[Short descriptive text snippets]
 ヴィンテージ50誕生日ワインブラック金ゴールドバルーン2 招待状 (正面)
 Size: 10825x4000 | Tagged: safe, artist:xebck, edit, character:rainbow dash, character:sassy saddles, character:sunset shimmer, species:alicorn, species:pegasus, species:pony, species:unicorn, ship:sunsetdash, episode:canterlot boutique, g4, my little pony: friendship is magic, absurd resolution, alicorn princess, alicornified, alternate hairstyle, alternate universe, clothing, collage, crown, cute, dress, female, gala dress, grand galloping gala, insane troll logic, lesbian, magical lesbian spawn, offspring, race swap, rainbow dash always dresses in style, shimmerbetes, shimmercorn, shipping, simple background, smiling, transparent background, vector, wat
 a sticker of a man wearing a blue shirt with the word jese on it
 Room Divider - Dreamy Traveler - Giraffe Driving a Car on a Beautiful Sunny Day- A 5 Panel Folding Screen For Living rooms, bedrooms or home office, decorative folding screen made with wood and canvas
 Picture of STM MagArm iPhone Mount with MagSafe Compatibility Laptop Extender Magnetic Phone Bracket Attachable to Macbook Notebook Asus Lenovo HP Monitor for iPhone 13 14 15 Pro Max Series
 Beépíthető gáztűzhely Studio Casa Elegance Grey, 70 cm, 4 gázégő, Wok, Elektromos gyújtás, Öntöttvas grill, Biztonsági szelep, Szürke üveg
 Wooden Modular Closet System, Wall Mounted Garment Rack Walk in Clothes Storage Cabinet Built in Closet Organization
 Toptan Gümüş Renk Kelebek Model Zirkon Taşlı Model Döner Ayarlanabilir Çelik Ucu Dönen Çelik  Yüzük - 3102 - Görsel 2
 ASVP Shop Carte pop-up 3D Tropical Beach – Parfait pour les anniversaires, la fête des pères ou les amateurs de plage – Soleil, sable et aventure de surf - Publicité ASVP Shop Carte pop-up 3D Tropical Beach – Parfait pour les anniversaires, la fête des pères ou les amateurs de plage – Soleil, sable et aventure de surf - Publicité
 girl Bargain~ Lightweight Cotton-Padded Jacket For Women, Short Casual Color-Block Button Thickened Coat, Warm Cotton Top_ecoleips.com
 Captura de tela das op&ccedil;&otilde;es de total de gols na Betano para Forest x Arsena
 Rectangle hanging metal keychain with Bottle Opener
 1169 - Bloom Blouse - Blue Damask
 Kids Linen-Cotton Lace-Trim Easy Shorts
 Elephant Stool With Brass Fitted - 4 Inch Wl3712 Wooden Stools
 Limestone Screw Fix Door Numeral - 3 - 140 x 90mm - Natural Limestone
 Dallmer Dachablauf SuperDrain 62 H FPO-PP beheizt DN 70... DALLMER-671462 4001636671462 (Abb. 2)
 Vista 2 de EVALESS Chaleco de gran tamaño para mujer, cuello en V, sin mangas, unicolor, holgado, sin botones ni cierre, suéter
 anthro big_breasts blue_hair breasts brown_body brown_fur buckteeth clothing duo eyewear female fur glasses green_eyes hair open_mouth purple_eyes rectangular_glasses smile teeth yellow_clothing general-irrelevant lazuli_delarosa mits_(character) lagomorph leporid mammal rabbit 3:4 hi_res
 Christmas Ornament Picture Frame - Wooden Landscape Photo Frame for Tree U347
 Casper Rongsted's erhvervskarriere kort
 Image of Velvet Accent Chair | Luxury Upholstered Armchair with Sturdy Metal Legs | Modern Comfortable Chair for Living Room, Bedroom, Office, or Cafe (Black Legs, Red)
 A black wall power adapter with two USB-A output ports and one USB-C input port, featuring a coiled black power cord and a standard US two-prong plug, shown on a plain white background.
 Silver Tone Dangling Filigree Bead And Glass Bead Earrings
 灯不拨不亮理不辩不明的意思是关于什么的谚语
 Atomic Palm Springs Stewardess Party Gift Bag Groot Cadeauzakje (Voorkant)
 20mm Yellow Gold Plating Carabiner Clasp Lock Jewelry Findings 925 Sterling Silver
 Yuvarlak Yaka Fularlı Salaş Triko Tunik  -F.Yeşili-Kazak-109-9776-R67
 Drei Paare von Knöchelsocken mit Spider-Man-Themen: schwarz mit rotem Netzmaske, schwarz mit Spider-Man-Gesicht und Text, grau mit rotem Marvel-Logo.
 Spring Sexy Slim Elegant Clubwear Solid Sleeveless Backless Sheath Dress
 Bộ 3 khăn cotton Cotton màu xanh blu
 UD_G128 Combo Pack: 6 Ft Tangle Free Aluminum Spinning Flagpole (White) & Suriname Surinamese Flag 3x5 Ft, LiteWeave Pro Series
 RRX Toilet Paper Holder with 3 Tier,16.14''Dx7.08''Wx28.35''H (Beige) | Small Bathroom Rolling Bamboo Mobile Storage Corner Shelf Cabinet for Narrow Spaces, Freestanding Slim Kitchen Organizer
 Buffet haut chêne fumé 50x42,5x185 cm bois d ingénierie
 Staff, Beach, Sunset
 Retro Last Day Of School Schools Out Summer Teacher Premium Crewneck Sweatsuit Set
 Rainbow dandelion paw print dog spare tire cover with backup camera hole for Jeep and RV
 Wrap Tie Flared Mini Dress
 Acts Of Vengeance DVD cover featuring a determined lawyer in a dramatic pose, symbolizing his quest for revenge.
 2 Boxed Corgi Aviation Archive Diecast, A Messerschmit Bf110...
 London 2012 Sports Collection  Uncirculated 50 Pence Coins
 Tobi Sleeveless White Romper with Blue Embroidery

• [Exercise details]
What is needed is a verbatim copy of every line in the records above from the one containing "a sticker of" down to the one containing "Picture of STM", both included, and nothing more.

• [Answer space]
 a sticker of a man wearing a blue shirt with the word jese on it
 Room Divider - Dreamy Traveler - Giraffe Driving a Car on a Beautiful Sunny Day- A 5 Panel Folding Screen For Living rooms, bedrooms or home office, decorative folding screen made with wood and canvas
 Picture of STM MagArm iPhone Mount with MagSafe Compatibility Laptop Extender Magnetic Phone Bracket Attachable to Macbook Notebook Asus Lenovo HP Monitor for iPhone 13 14 15 Pro Max Series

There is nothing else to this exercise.